# [PROBLEM TO SOLVE]
Exclude images and print all the records verbatim.

# [DATA SUPPLIED]
──────
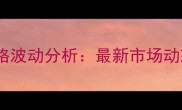 山西临汾白条猪肉价格波动分析最新市场动态与养殖户应对策略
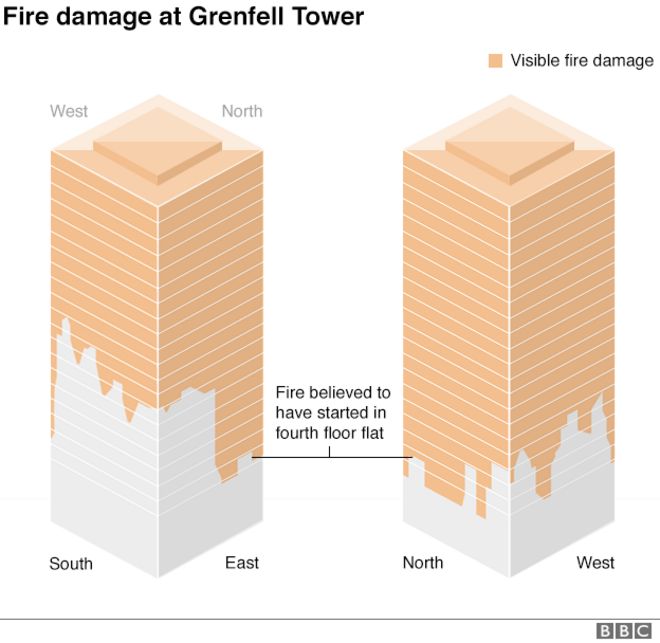 График, показывающий степень повреждения огнем башни Гренфелл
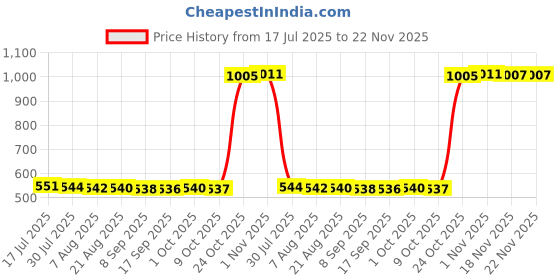 amazon.in bnf® 8x1pc 2 Channel 3W PAM8403 Audio Amplifier Board 5V USB Power Price History Graph from 17 Jul 2025 to 22 Nov 2025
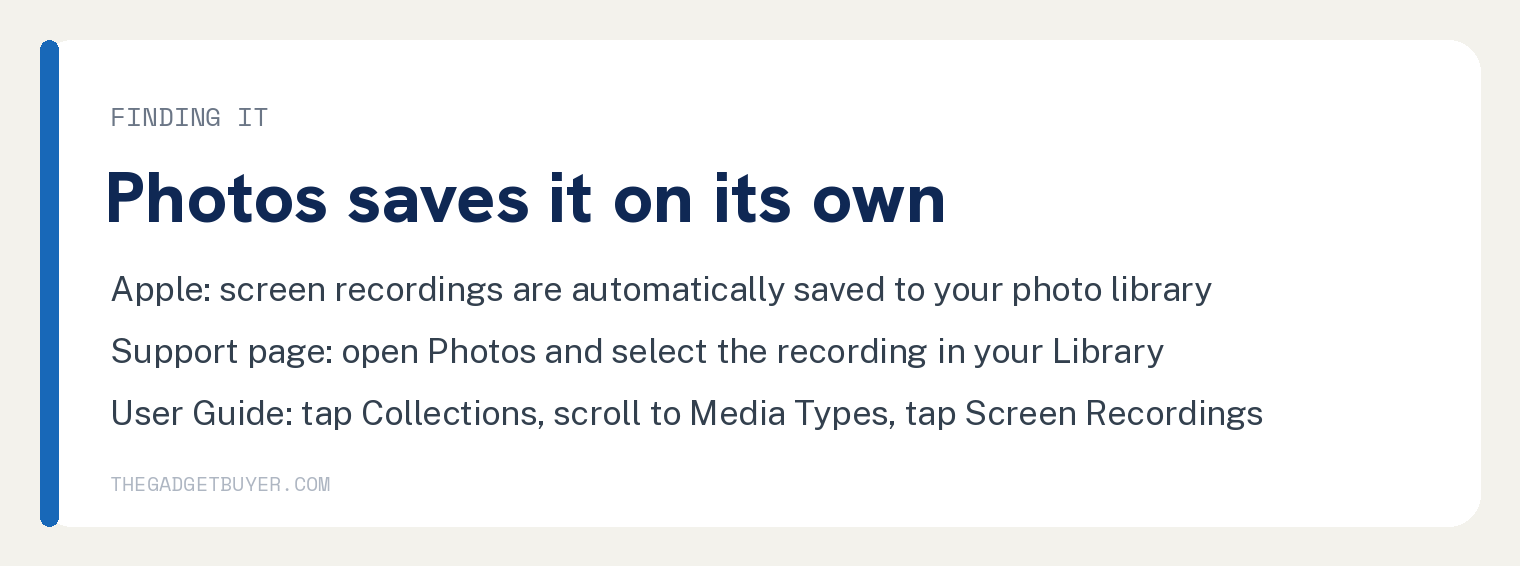 White card on where iPhone screen recordings go: Apple says screen recordings are automatically saved to your photo library; the support page says to open the Photos app and select the recording in your Library; the iPhone User Guide says to tap Collections, scroll down to Media Types, then tap Screen Recordings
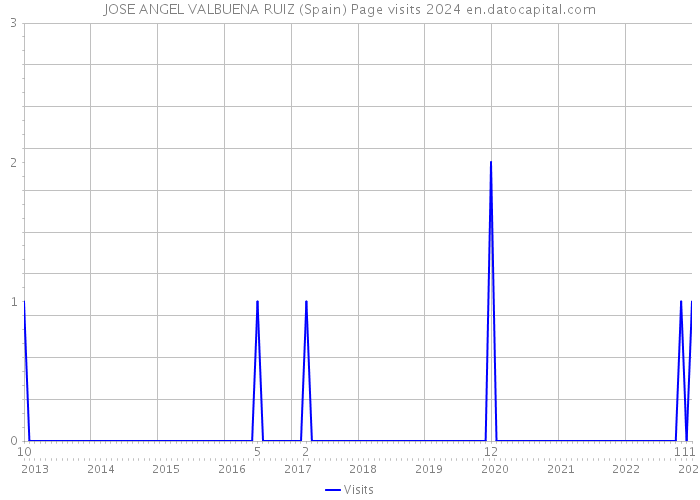 JOSE ANGEL VALBUENA RUIZ (Spain) Page visits 2024 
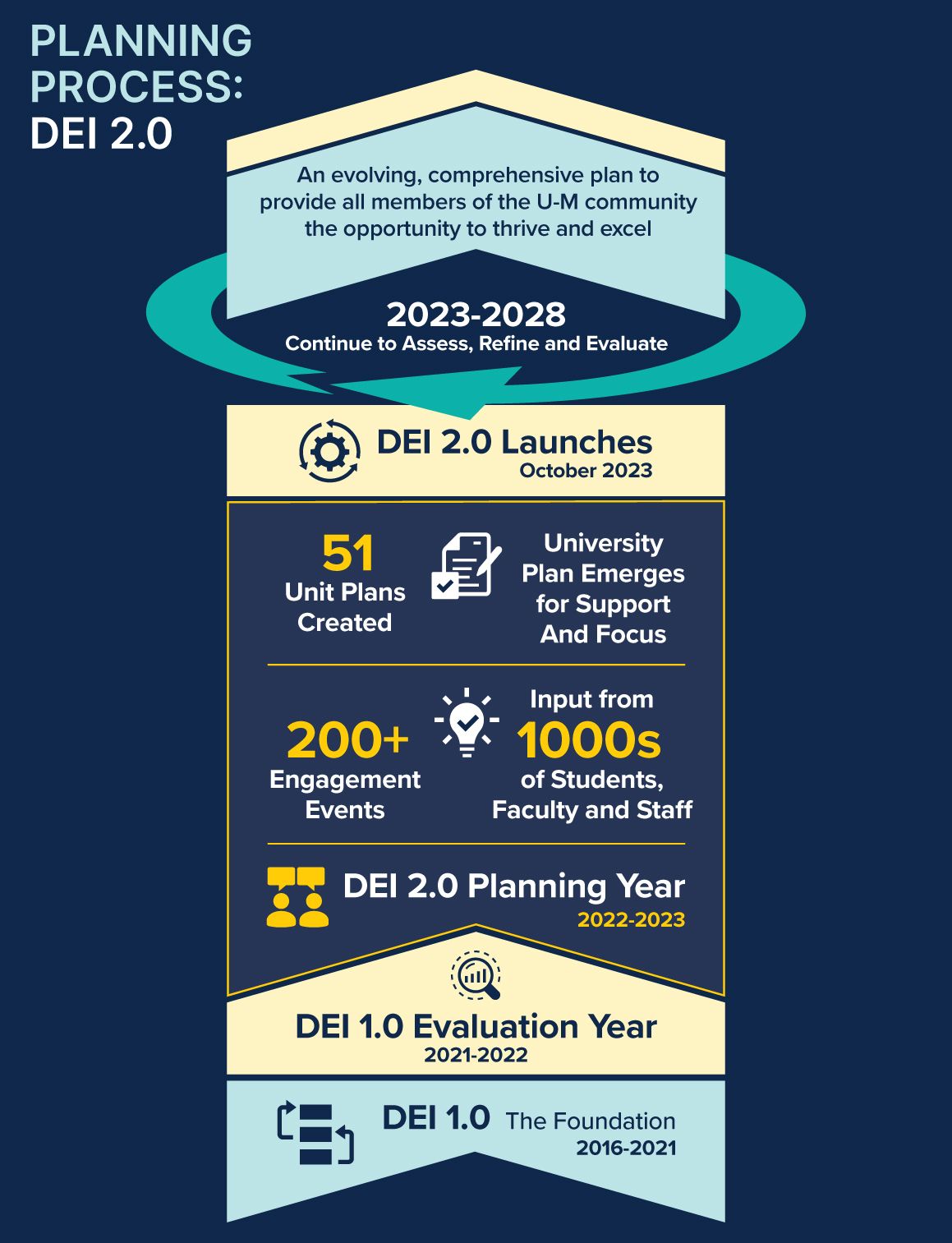 An infographic showing the evolution DEI 1.0, with 51 unit plans, the university plan, 200+ engagement events, and input from thousands of students, faculty and staff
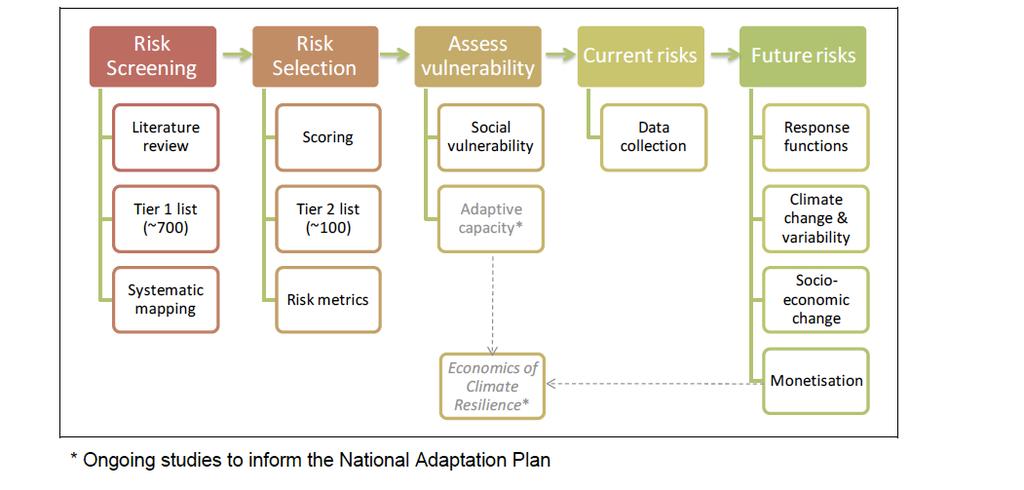 Figure 6 Simplified summary of the UK Climate Change Risk Assessment methodology and links with the Economics of Climate Resilience project Source: Defra. 2012.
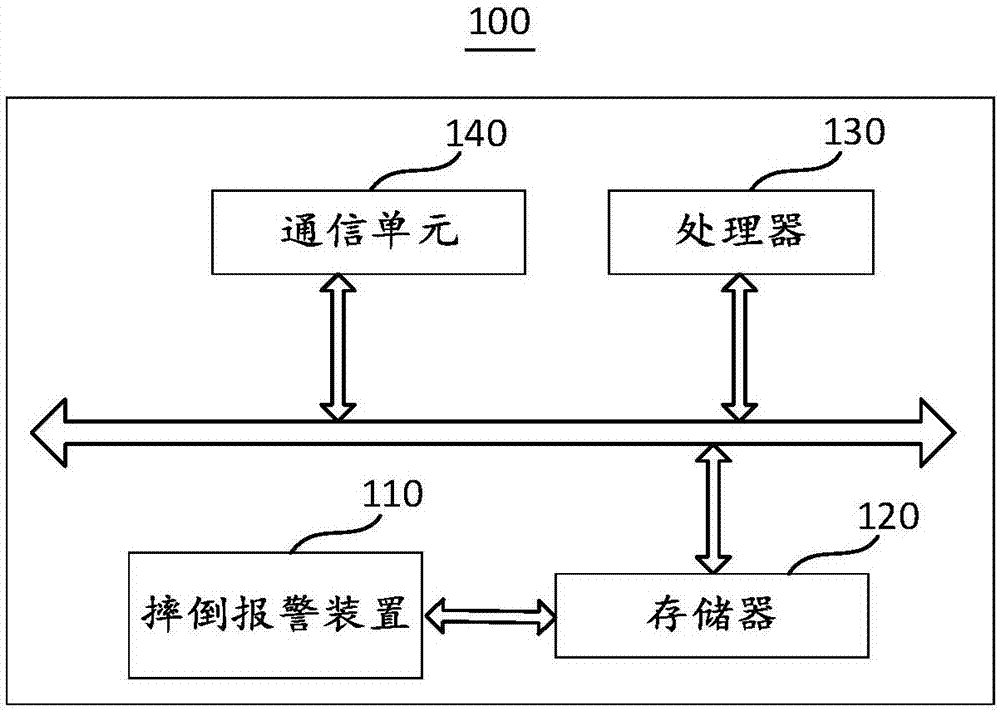 Fall-over alarming method, device and equipment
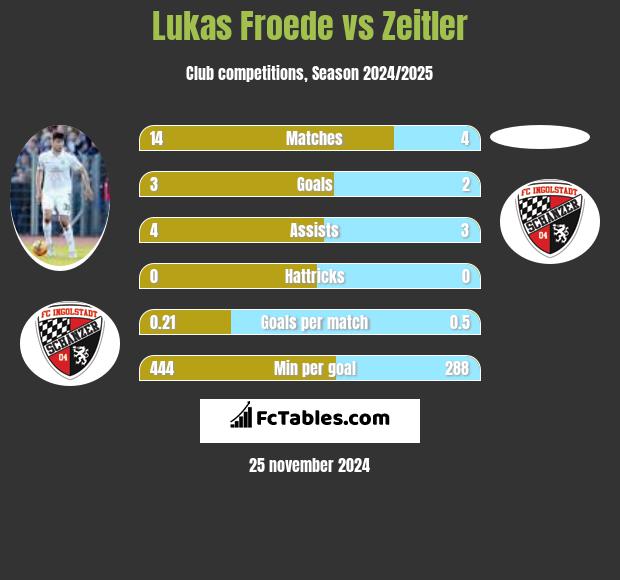 Lukas Froede vs Zeitler h2h player stats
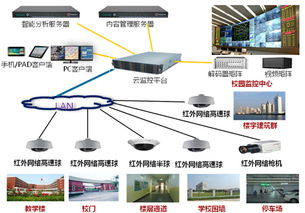 华为监控怎么放电脑上面(华为监控如何放置电脑之上,全面解析与操作指南) 华为监控怎么放电脑上面(华为监控如何放置电脑之上,全面解析与操作指南)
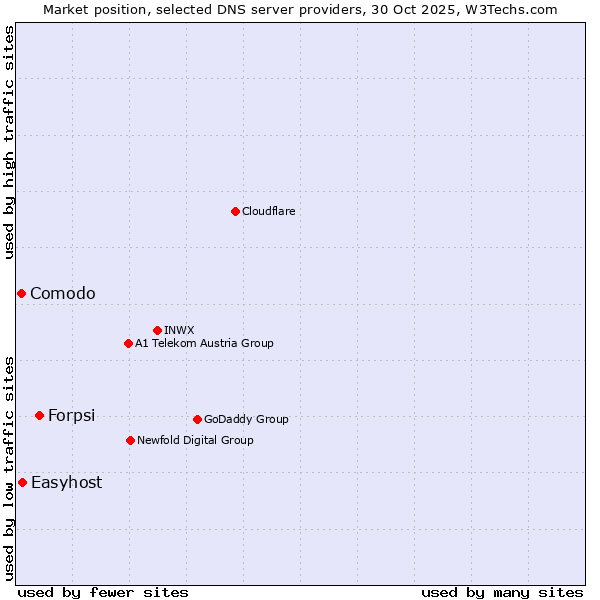Market position of Forpsi vs. Easyhost vs. Comodo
──────
# [SOLUTION BELOW]
 山西临汾白条猪肉价格波动分析最新市场动态与养殖户应对策略
 График, показывающий степень повреждения огнем башни Гренфелл
 amazon.in bnf® 8x1pc 2 Channel 3W PAM8403 Audio Amplifier Board 5V USB Power Price History Graph from 17 Jul 2025 to 22 Nov 2025
 White card on where iPhone screen recordings go: Apple says screen recordings are automatically saved to your photo library; the support page says to open the Photos app and select the recording in your Library; the iPhone User Guide says to tap Collections, scroll down to Media Types, then tap Screen Recordings
 JOSE ANGEL VALBUENA RUIZ (Spain) Page visits 2024 
 An infographic showing the evolution DEI 1.0, with 51 unit plans, the university plan, 200+ engagement events, and input from thousands of students, faculty and staff
 Figure 6 Simplified summary of the UK Climate Change Risk Assessment methodology and links with the Economics of Climate Resilience project Source: Defra. 2012.
 Fall-over alarming method, device and equipment
 Lukas Froede vs Zeitler h2h player stats
 华为监控怎么放电脑上面(华为监控如何放置电脑之上,全面解析与操作指南) 华为监控怎么放电脑上面(华为监控如何放置电脑之上,全面解析与操作指南)
Market position of Forpsi vs. Easyhost vs. Comodo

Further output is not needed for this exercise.